**Action item:** Gather all lines in the data that hold the string "floors".

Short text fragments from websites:
=== Begin Enclosure ===

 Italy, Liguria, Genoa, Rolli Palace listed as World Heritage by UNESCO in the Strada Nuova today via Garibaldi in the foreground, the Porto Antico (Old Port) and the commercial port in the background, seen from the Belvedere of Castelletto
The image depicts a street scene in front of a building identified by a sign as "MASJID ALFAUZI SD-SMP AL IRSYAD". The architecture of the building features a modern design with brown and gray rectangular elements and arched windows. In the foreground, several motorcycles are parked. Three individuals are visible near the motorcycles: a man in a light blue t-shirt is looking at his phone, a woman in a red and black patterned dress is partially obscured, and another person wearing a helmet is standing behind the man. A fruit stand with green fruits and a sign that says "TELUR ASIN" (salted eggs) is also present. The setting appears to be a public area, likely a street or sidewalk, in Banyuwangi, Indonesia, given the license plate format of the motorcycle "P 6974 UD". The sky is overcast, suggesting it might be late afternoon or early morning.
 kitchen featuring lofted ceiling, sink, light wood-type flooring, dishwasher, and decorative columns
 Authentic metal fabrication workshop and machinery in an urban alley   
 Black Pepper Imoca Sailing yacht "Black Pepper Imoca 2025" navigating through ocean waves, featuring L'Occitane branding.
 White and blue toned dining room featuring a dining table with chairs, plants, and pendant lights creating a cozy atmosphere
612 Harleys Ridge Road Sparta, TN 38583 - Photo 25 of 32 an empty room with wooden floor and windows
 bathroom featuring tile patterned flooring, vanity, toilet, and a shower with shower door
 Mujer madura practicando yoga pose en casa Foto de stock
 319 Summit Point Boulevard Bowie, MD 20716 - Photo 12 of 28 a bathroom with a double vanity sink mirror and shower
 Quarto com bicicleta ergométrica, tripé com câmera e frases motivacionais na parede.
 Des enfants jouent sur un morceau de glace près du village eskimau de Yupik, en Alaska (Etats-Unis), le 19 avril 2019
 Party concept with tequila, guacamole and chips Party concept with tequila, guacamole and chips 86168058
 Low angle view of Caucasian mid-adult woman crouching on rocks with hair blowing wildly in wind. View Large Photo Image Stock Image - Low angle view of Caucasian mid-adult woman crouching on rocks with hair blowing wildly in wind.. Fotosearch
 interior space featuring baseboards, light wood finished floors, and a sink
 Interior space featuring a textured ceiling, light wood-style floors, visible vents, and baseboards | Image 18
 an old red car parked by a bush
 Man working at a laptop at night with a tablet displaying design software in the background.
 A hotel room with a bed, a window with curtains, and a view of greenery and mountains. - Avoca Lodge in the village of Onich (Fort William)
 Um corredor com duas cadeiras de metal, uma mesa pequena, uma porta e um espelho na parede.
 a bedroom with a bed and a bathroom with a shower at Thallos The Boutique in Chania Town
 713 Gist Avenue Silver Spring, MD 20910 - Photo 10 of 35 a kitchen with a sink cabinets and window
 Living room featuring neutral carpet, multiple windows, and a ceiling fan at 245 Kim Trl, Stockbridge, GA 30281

=== End Enclosure ===

**Written solution:**
 interior space featuring baseboards, light wood finished floors, and a sink
 Interior space featuring a textured ceiling, light wood-style floors, visible vents, and baseboards | Image 18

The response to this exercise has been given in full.